Recordaban que el que atiende al que está herido y abandonado en la cuneta, hace lo que Jesús; que el que sale en defensa del desvalido, hace lo que Jesús; que el que ayuda al más pequeño, hace lo que Jesús; que el que da de comer al hambriento, hace lo que Jesús. Fueron descubriendo que Jesús no estaba en el pan, ni en el vino, sino en los que viven junto a cada uno de nosotros. Y que comer el pan y el vino era comprometerse a vivir con los otros como lo hizo Jesús. Descubrieron que Jesús mandó no hacer un rito, celebrar un sacrificio, sino vivir como Él, hacer lo que Él, ser fiel al designio de Dios.

A pesar de contarse tantas historias no todos entendieron qué era “haced esto en memoria mía”. Así los cristianos de Corinto intentaron pasarse de listos y Pablo tuvo que salir al paso de tamaña osadía. A estos cristianos se les ocurrió confundir a Jesús con el fundador de una religión cualquiera y a la reunión de la comunidad con un culto ritual más, y se dijeron con toda la cara del mundo: “Hacemos lo mismo que Jesús, porque repetimos minuciosamente lo que Él hizo en su cena de despedida”. Y celebraron sin vivir lo mismo que Jesús vivió en lo que hizo. Hacían la cena sin amor, sin compartir, sin respeto mutuo, sin cortesía, abochornando a los pobres, sin vivir la comunidad. Pablo, valiente, les escribió enseguida: “Eso que hacéis, aunque os lo parezca, no es la cena del Señor”, no es hacer lo que Él hizo. Se quedaron muy extrañados ante lo que Pablo afirmaba.

Ellos hacían lo mismo que Jesús hizo y dijo en la cena. Pero Pablo insistió: lo que Jesús mandó repetir y Él enseñó a la comunidad no fue un rito, sino un proyecto de vida. Ese estilo de vida que se revela en el gesto de Jesús. Les dijo: ¿de qué sirve vuestra reunión si uno no vive el amor? Si es así: “vuestras reuniones causan más daño que provecho”. Es la hora de que “se examine cada uno» y cada comunidad “antes de comer el pan y de beber la copa”. No sea que nos atrevamos a celebrar la comunión sin vivir en comunión y a hacer lo mismo que Jesús sin vivir en el amor, porque “el que come y bebe sin apreciar el cuerpo, se come y se bebe su propia sentencia”.

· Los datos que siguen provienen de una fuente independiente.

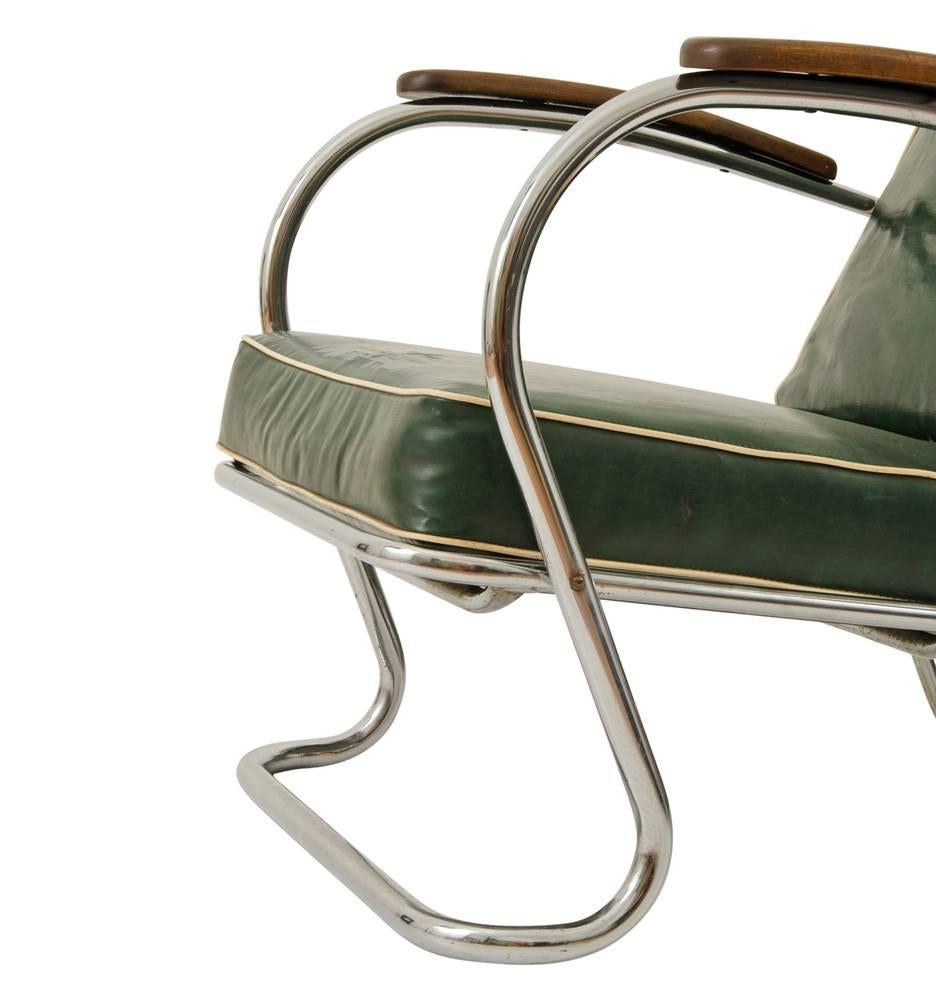 What could be better than a wonderfully intact vinyl and chrome armchair? How about one that also features natural wood armrests? This well-preserved mid-century beauty likely comes to us from a barber shop, where chairs like this would have lined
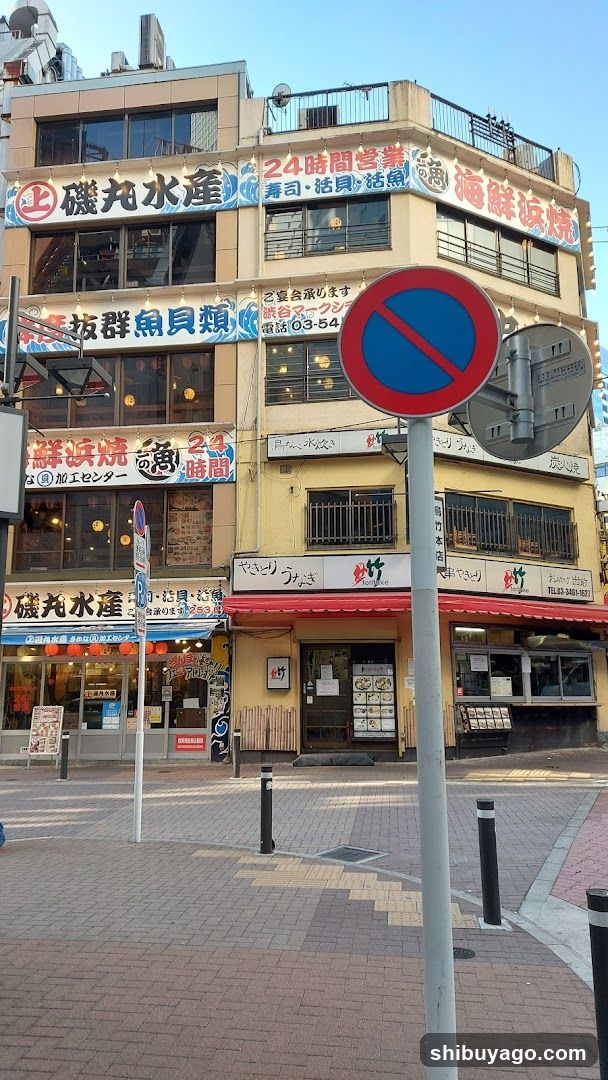 Street scene with shop fronts and signage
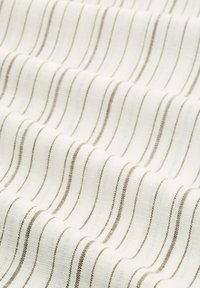 Textil med en vit bakgrund och fina, horisontella bruna ränder. Tyget verkar mjukt och något texturerat, vilket skapar subtila vågor.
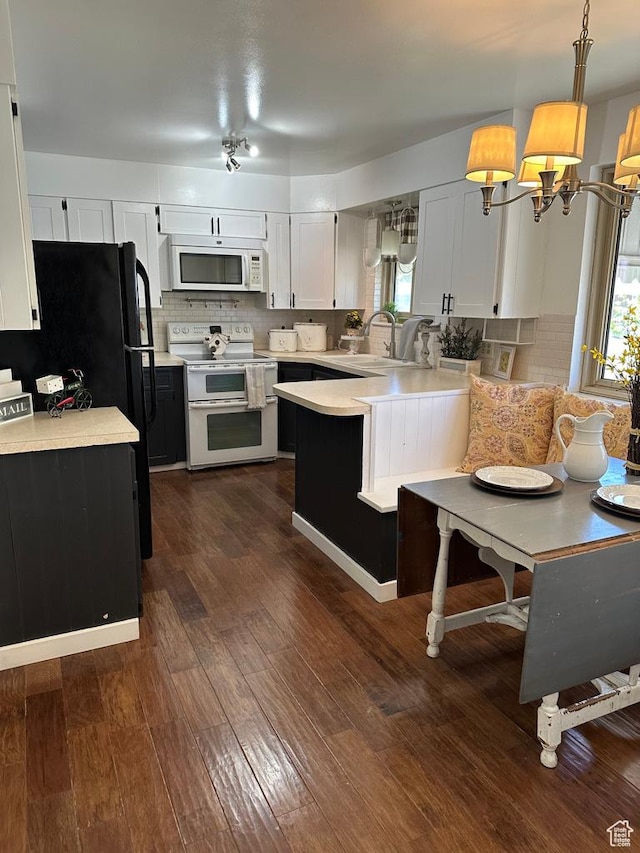 1653 S 500 E, Bountiful, UT 84010 - kitchen with white appliances, light countertops, a peninsula, backsplash, and dark wood finished floors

No a todos les era posible estar en estos encuentros comunitarios. Por eso, se guardaba un poco del pan que habían comido, y lo llevaban a aquéllos que estaban más lejos, impedidos, en la cárcel, etc., para que así también ellos se sintiesen en comunión con los reunidos y dispuestos a asumir como ellos ese “haced esto en memoria mía”, que no era otra cosas que asumir el mismo proyecto de vida que Jesús con los símbolos del pan y vino que en su última comida tenida con ellos, con sus palabras y con su vida, les había dejado.
A estos primeros cristianos les llamaban ateos. Porque no tenían templos, no tenían sacerdotes y no tenían cultos como las demás religiones.

En nuestros días estamos asistiendo, guste o no, a la multiplicación por el mundo entero de pequeños grupos que, liberados de normas, leyes y cánones, han puesto su mirada en el Jesús que se nos presenta en los Evangelios, y que celebran la Eucaristía como creen se hacía en los primeros tiempos, con el convencimientos de que es la comunidad, los reunidos en nombre de Jesús, y no el ministro ordenado, quien celebra la Eucaristía. Dejemos actuar al Espíritu.